The price hike for Amazon Prime follows a stressful holiday season for the company. Amazon spent billions to offset labor costs, transportation fees and supply chain issues ahead of the holiday season, while Apple said it lost billions because of similar issues. Apple hasn’t completely navigated labor shortages and high shipping fees either, but said it’s expecting those problems to let up by March.

Tesla is in its own world

Sure, Amazon might also be competing with Tesla in the race for the first efficient electric truck.

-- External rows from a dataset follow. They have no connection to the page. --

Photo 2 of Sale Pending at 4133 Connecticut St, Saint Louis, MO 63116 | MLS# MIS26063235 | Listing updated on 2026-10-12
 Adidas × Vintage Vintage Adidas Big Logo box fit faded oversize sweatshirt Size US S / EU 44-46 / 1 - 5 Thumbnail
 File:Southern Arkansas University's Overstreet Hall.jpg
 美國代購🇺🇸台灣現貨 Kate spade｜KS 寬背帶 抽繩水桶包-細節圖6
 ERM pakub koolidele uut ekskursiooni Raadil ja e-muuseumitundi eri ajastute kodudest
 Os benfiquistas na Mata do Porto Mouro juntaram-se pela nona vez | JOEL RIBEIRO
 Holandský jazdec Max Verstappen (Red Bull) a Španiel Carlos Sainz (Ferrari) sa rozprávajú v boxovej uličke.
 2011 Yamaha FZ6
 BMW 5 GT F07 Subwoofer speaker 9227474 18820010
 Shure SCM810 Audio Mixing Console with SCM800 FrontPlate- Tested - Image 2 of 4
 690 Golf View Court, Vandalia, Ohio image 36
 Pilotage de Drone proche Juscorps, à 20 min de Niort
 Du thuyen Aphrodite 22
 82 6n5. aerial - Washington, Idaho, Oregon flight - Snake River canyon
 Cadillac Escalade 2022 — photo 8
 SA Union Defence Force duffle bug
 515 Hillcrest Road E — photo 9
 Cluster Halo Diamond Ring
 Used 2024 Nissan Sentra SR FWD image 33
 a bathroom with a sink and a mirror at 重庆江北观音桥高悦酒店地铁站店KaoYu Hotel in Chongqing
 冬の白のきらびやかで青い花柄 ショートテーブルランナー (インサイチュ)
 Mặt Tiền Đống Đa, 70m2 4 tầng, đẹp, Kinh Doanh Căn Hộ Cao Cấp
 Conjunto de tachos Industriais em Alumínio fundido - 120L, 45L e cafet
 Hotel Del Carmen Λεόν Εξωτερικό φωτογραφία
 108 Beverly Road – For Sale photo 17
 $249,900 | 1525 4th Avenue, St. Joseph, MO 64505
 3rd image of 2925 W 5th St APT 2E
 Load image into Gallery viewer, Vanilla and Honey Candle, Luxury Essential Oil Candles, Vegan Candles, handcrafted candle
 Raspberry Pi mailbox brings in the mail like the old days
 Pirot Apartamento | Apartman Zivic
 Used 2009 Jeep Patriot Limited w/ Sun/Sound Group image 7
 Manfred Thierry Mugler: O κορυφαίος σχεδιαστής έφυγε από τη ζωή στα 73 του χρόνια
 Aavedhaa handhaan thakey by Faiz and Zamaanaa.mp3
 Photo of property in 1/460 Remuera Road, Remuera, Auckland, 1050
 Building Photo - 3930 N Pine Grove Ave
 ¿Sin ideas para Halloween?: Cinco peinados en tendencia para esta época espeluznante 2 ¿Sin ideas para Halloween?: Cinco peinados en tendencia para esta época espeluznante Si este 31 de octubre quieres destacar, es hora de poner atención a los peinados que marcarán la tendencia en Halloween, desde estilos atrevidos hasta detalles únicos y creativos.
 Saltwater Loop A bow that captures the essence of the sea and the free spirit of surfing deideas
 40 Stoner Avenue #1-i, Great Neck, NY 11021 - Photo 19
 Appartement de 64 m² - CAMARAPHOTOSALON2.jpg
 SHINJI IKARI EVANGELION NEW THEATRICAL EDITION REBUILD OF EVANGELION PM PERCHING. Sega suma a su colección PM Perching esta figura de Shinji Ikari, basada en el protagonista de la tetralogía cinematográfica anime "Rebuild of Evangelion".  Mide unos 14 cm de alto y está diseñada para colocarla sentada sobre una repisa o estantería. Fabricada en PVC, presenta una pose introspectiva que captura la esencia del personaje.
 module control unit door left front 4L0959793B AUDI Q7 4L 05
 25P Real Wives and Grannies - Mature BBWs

But Elon Musk hasn’t seemed to notice.

The chip shortage is getting in the way of Tesla finally delivering its Cybertruck, which Musk originally said would be in production by 2021. But he missed that self-set deadline, and is again delaying expectations at least another year.

Instead, Musk wants all eyes on a flashy new humanoid robot Tesla will be releasing … at some point, maybe this year. (As we’ve learned, Musk is not great with deadlines.) It’s been assigned the code-name “Optimus,” and Musk said it’s the “most important product development” Tesla’s working on — despite the fact that he warned about an AI apocalypse just a few years ago.

Tech companies are still trying to figure out how to moderate content.

“It is important to me that we don’t take on the position of being a content censor.”

Sound familiar? That was Spotify’s CEO explaining to investors his handling of the Joe Rogan Experience podcast in a blog post last week, ahead of the company’s earnings call. But it’s awfully similar to how Mark Zuckerberg describes his thoughts on content moderation, over and over again.

Will platforms ever learn? Probably not until earnings force their hands. And though Spotify’s stock took about a 20% hit over the Joe Rogan controversy, the company is hoping it’ll blow over, just like Netflix’s controversial decision to stick with Dave Chappelle. “Usually when we’ve had controversies in the past, those are measured in months and not days. But I feel good about where we are in relation to that,” Ek said at the top of the company’s earnings call.

Some industry giants are losing momentum for the first time.

FAANG — the initials for five tech stocks that seemed perpetually bound for the moon.

While Apple, Amazon and Alphabet continue to appear unstoppable, earnings calls this past week have shaken up that inevitability for Meta and Netflix. Facebook’s daily users declined for the first time ever, while Netflix’s membership growth is slowing, and Netflix forecasted even bleaker news next quarter.

Make no mistake, though: The giants remain giant. Facebook has nearly 2 billion daily users, despite a more pronounced downturn in the U.S. Netflix added 8.3 million new subscribers last quarter. But stock prices still took a major hit, each falling about 20% after earnings. So while it may not yet be the end of the road, the ceiling may be in sight.